Recent studies have shown that network coding can provide significant benefits to network protocols, such as increased throughput, reduced network congestion, higher reliability, and lower power consumption. The core principle of network coding is that intermediate nodes actively mix input packets to produce output packets. This mixing subjects network coding systems to a severe security threat, known as a pollution attack, where attacker nodes inject corrupted packets into the network. Corrupted packets propagate in an epidemic manner, depleting network resources and significantly decreasing throughput. Pollution attacks are particularly dangerous in wireless networks, where attackers can easily inject packets or compromise devices due to the increased network vulnerability. In this article, we address pollution attacks against network coding systems in wireless mesh networks. We demonstrate that previous solutions are impractical in wireless networks, incurring an unacceptable high degradation of throughput. We propose a lightweight scheme, DART, that uses time-based authentication in combination with random linear transformations to defend against pollution attacks. We further improve system performance and propose EDART, which enhances DART with an optimistic forwarding scheme. We also propose efficient attacker identification schemes for both DART and EDART that enable quick attacker isolation and the selection of attacker-free paths, achieving additional performance improvement. A detailed security analysis shows that the probability of a polluted packet passing our verification procedure is very low (less than 0.002% in typical settings).
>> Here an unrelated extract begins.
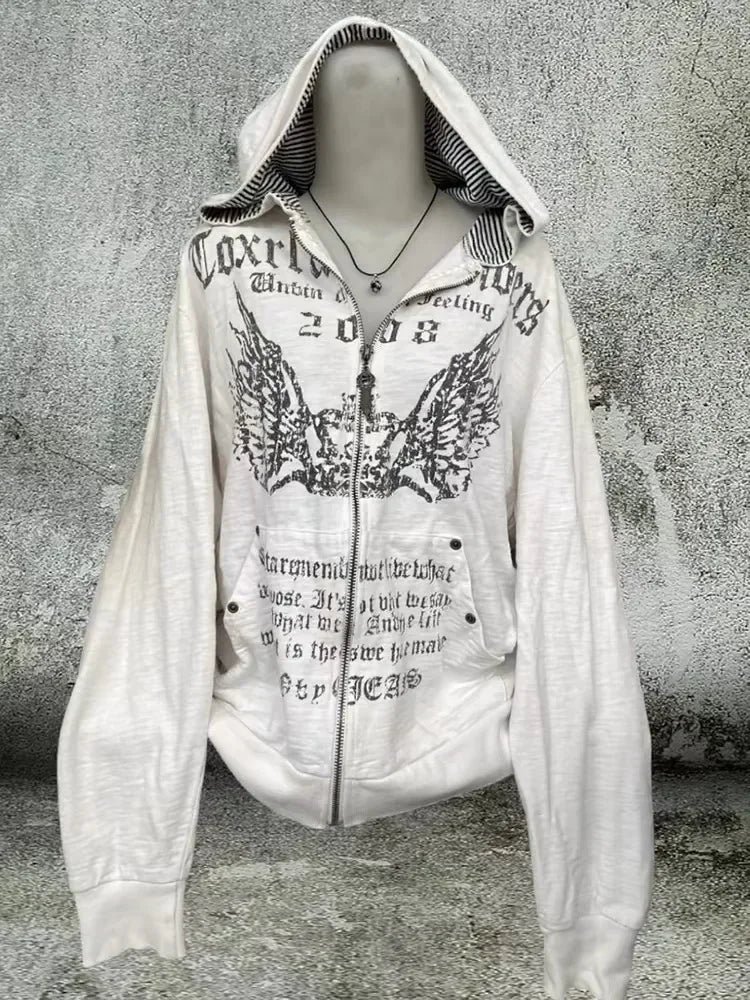 Gray Oversized Zipper Hoodie front view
Performance results using the well-known MORE protocol and realistic link quality measurements from the Roofnet experimental testbed show that our schemes improve system performance over 20 times compared with previous solutions.

查看原文本刊更多论文

无线网络编码中对污染攻击的实用防御

最近的研究表明，网络编码可以为网络协议提供显著的好处，例如增加吞吐量、减少网络拥塞、提高可靠性和降低功耗。网络编码的核心原理是中间节点主动混合输入报文产生输出报文。这种混合使网络编码系统面临严重的安全威胁，称为污染攻击，攻击者节点将损坏的数据包注入网络。损坏的数据包以流行病的方式传播，耗尽网络资源并显着降低吞吐量。污染攻击在无线网络中尤其危险，由于网络脆弱性的增加，攻击者可以很容易地注入数据包或破坏设备。在本文中，我们讨论了无线网状网络中针对网络编码系统的污染攻击。我们证明了以前的解决方案在无线网络中是不切实际的，会导致吞吐量的不可接受的高退化。我们提出了一种轻量级方案，DART，它使用基于时间的身份验证与随机线性转换相结合来防御污染攻击。我们进一步提高了系统性能，并提出了EDART，它通过乐观转发方案增强了DART。我们还为DART和EDART提出了有效的攻击者识别方案，可以快速隔离攻击者并选择无攻击者的路径，从而实现额外的性能改进。详细的安全性分析表明，受污染的数据包通过我们的验证程序的概率非常低(在典型设置中小于0.002%)。使用知名的MORE协议和来自Roofnet实验测试平台的实际链路质量测量的性能结果表明，我们的方案与以前的解决方案相比，系统性能提高了20倍以上。

本文章由计算机程序翻译，如有差异，请以英文原文为准。

求助全文

约1分钟内获得全文求助全文

来源期刊

ACM Transactions on Information and System Security 工程技术-计算机：信息系统

CiteScore

4.50

自引率

0.00%

发文量

审稿时长

3.3 months

期刊介绍： ISSEC is a scholarly, scientific journal that publishes original research papers in all areas of information and system security, including technologies, systems, applications, and policies.